WORK TO COMPLETE
The records are to be copied word for word, and the pictures dropped.

╭─ STORED DATA

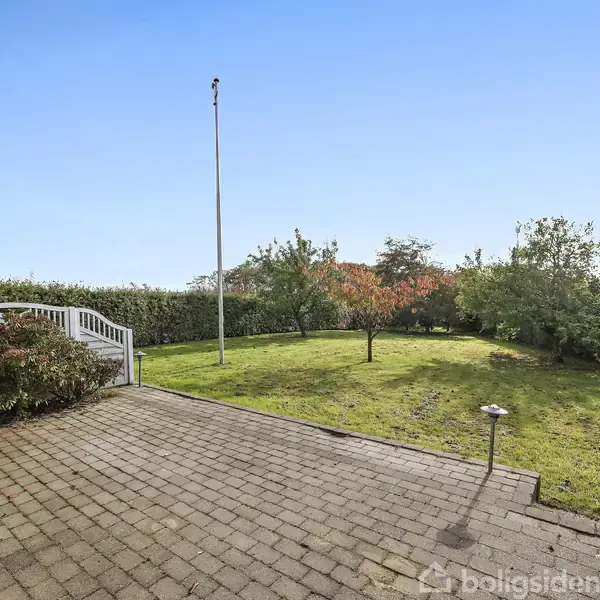 Fliseterrasse fører ud til en græsplæne med enkelte træer og en flagstang. Omkring plænen er der høje grønne hække under en klar blå himmel.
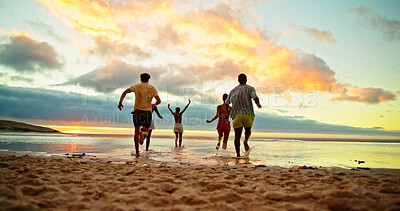 Buy stock photo Back view, running and friends in sea water for holiday, vacation and summer trip on tropical island. Group, ocean and people race by beach with energy for freedom, travel and adventure at sunset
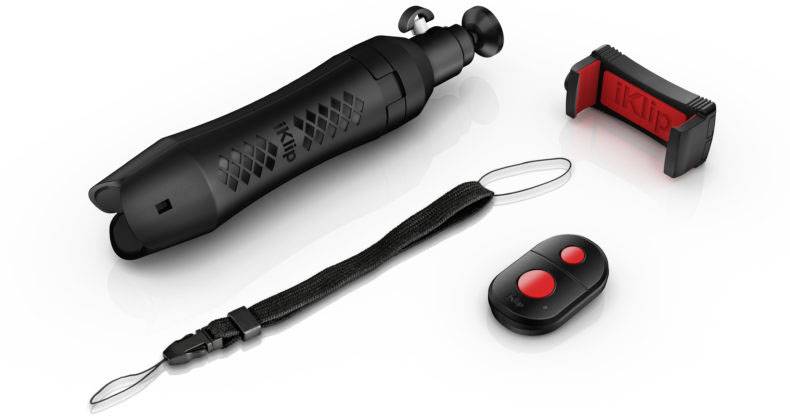 A black selfie stick with a mount and remote control, including a hand strap, is lying on a white background.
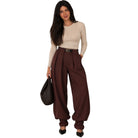 A woman modeling high-waisted, wide-leg brown pants with a matching belt, paired with a beige long-sleeve top, black heels, and a black woven handbag, set against a plain white background.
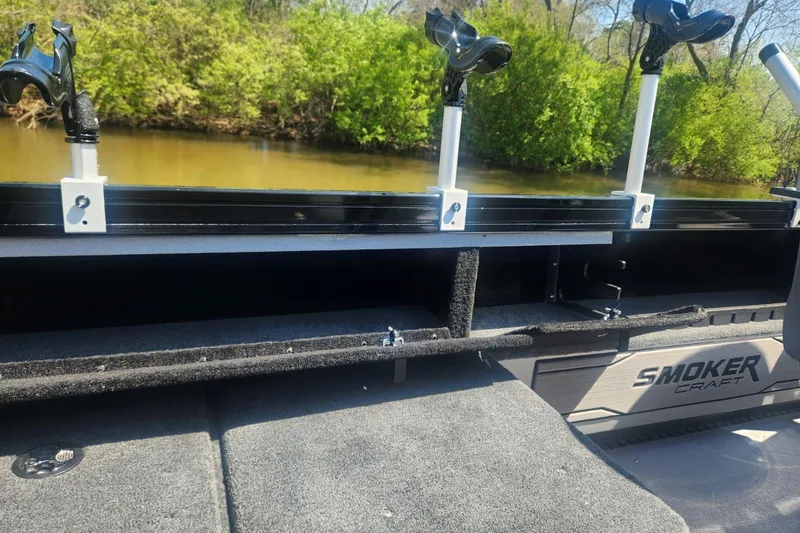 Slide: The Image of 2026 Smoker Craft Adventurer 210 GLS Sport boat interior with rod holders and storage. - 21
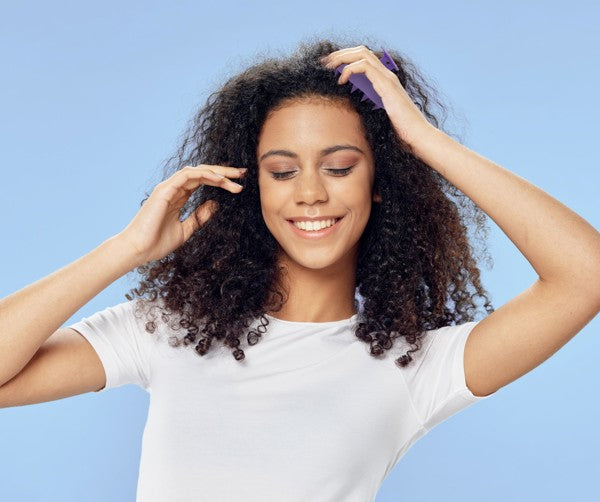 a woman using the Love Your Locks Wet & Dry Scalp Massager on her scalp against a blue background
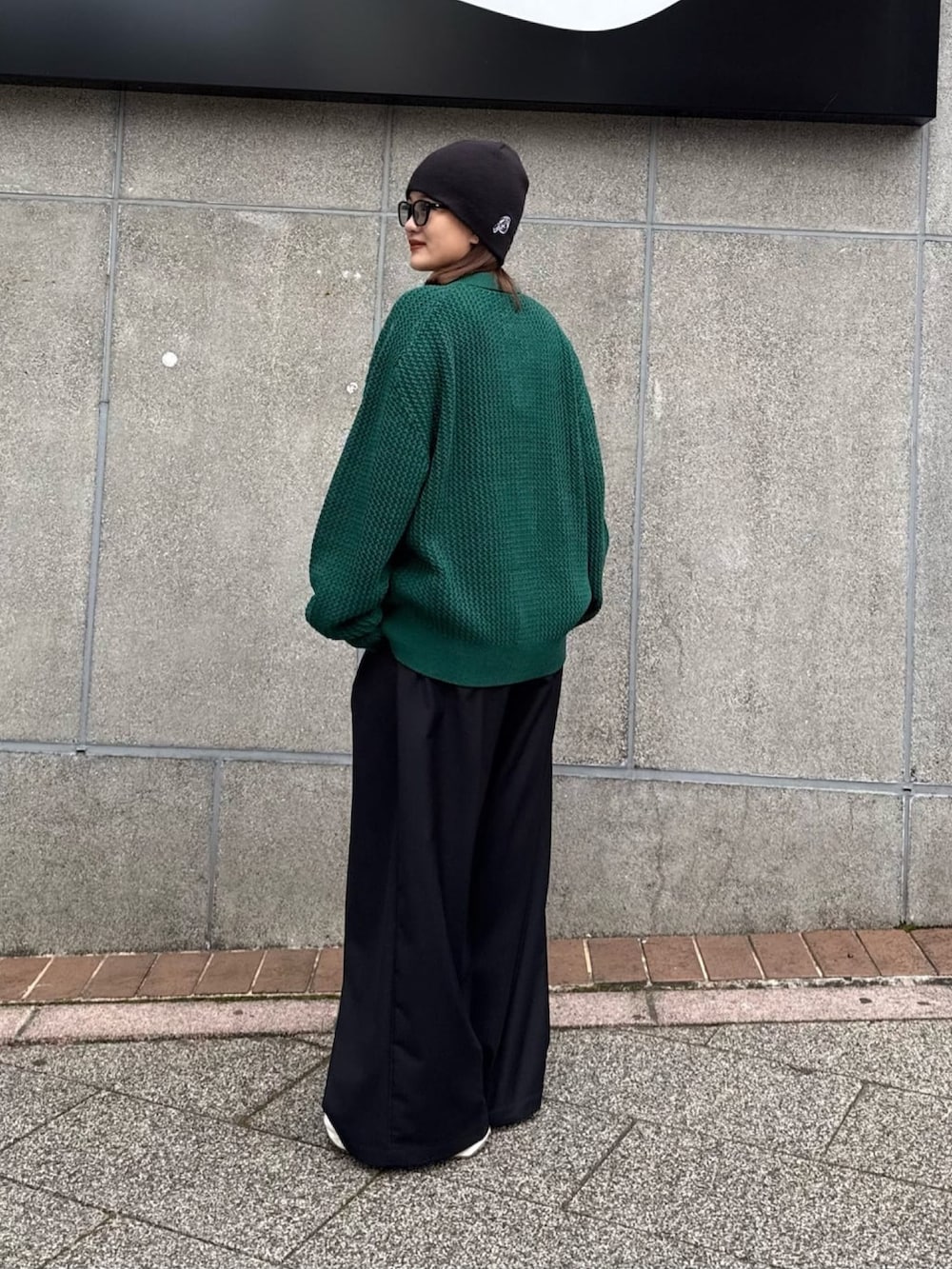 グリーン系のニット/セーター、グレー系のスラックスを着用したレディースの冬コーディネートの2枚目の写真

╰─

SOLUTION FOR THIS EXERCISE
 Fliseterrasse fører ud til en græsplæne med enkelte træer og en flagstang. Omkring plænen er der høje grønne hække under en klar blå himmel.
 Buy stock photo Back view, running and friends in sea water for holiday, vacation and summer trip on tropical island. Group, ocean and people race by beach with energy for freedom, travel and adventure at sunset
 A black selfie stick with a mount and remote control, including a hand strap, is lying on a white background.
 A woman modeling high-waisted, wide-leg brown pants with a matching belt, paired with a beige long-sleeve top, black heels, and a black woven handbag, set against a plain white background.
 Slide: The Image of 2026 Smoker Craft Adventurer 210 GLS Sport boat interior with rod holders and storage. - 21
 a woman using the Love Your Locks Wet & Dry Scalp Massager on her scalp against a blue background
 グリーン系のニット/セーター、グレー系のスラックスを着用したレディースの冬コーディネートの2枚目の写真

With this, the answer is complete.